Magalie Guérin is the Villa Noailles’ Deputy Director, and a juror and mentor for AZ Academy since its very beginning. An Hyères local who joined the Villa Noailles as an intern more than 20 years ago, Magalie has been pivotal in extending its influence beyond the region and across different disciplines within fashion, as well as curating exhibitions and directing publishing activities. Her mentorship activities are concentrated largely on communication and expressing oneself through the written word, an area which many designers understandably struggle with: My clothes do the talking for me, how can I add anything more? Magalie’s answer is to keep it simple. Here, she unpacks the gap between yearning to be discovered and building something that truly lasts, when to throw away the rulebook, and how to clearly state your intentions as a designer (without talking like a fashion journalist).
“Being a good student might mean being able to connect your work to the history of art, or to philosophy, or showing that you have read a lot of theory. But what works better in the real world, in terms of communication, is to keep things really simple.”
Before we start talking about the mentorship work you do, with AZ Academy and with the Hyères International Festival, I’d like to take a look back at the more traditional patronage model which the Villa Noailles, where you are Deputy Director, is built upon. Can you tell me a bit about the ways Charles and Marie-Laure de Noailles supported the arts in their day, and how you carry this legacy forward in your own encounters with creatives?
From my point of view, having the Villa built to begin with was Charles and Marie-Laure’s first action as patrons of the arts.
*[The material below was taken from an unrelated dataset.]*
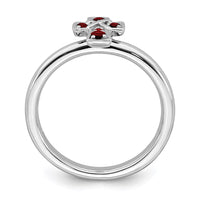 Sterling Silver Stackable Expressions Rhodium Garnet Cross Ring | QSK1630 ,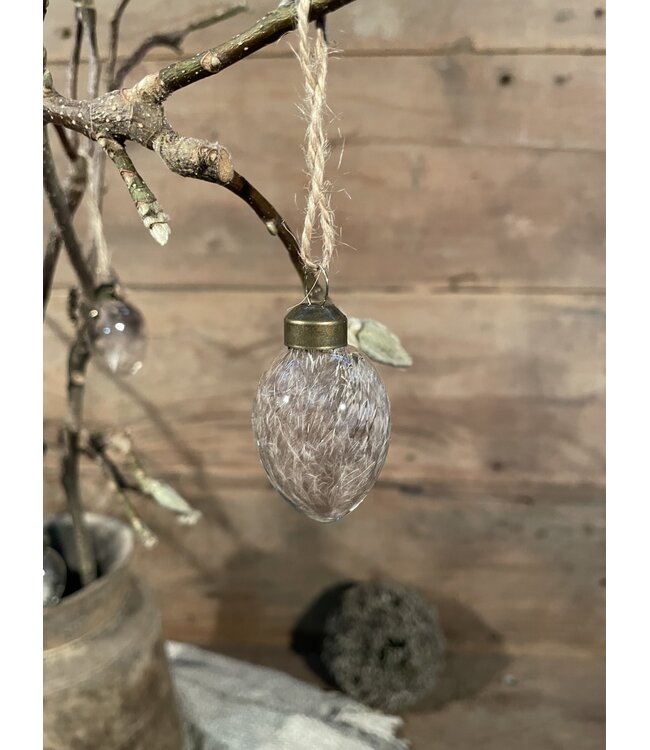 # Doos glazen eitjes met veer, 9 stuks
They knew they wanted to have a holiday house in the Côte d’Azur, but they decided to make it into something bigger and more useful than just a place to escape the Paris winters. They commissioned a very new, up-and-coming architect, Robert Mallet-Stevens, to design a house that could be used to live the most modernist life possible – in fact, Mallet-Stevens had never built anything before, apart from sets for cinema, which is how they discovered his work, and from there they gave him this opportunity.
The whole house was created with this idea of being a hub to connect people; they kept adding more and more guest rooms as it was being built, for that very purpose. And everything they filled it with – the furniture, the artworks on the walls – was commissioned from the artists they loved, so that when they invited their very rich, aristocratic friends to stay they would become inspired to commission pieces of their own, and the patronage would continue that way. But more than just giving financial support, they hosted the artists and the patrons together at the same time. For me, it’s a very modern way to support artists, being all together and having a collective experience. Not just through work, but through fun – through parties and dinners and sports. We try and carry this idea through today, of putting talent in a good state of mind in order to create. At the Hyères Festival we have a very busy programme of professional activity, but we also keep some moments aside to just connect over a glass of rosé in the Mediterranean sunshine. That’s the way many great projects begin.
Do you think there is more or less freedom for young creatives now, compared to when Charles and Marie-Laure were starting out?
I would say maybe there is less freedom now, because they need to know everything. About legal, about communication, about production, about business. They have to find money all the time, whereas 100 years ago you had support through private funds. Now it’s not private funds – if a young designer is financed, it’s through a brand or group or through public sales. 100 years ago a person might meet you, like what you’re about, and then bet on you. With their own money! Now it’s more bureaucratic. However, that patronage model could impinge on creativity. An artist might be pushed to make things that suited their patron’s tastes or whims. But something I love in the AZ Academy is that we don’t touch the creative stuff. We know these people are talented, we don’t have to influence them in that department, we’re just helping to make the other aspects that might not come as naturally to a designer, easier. For my part, it’s about how to communicate yourself and your work.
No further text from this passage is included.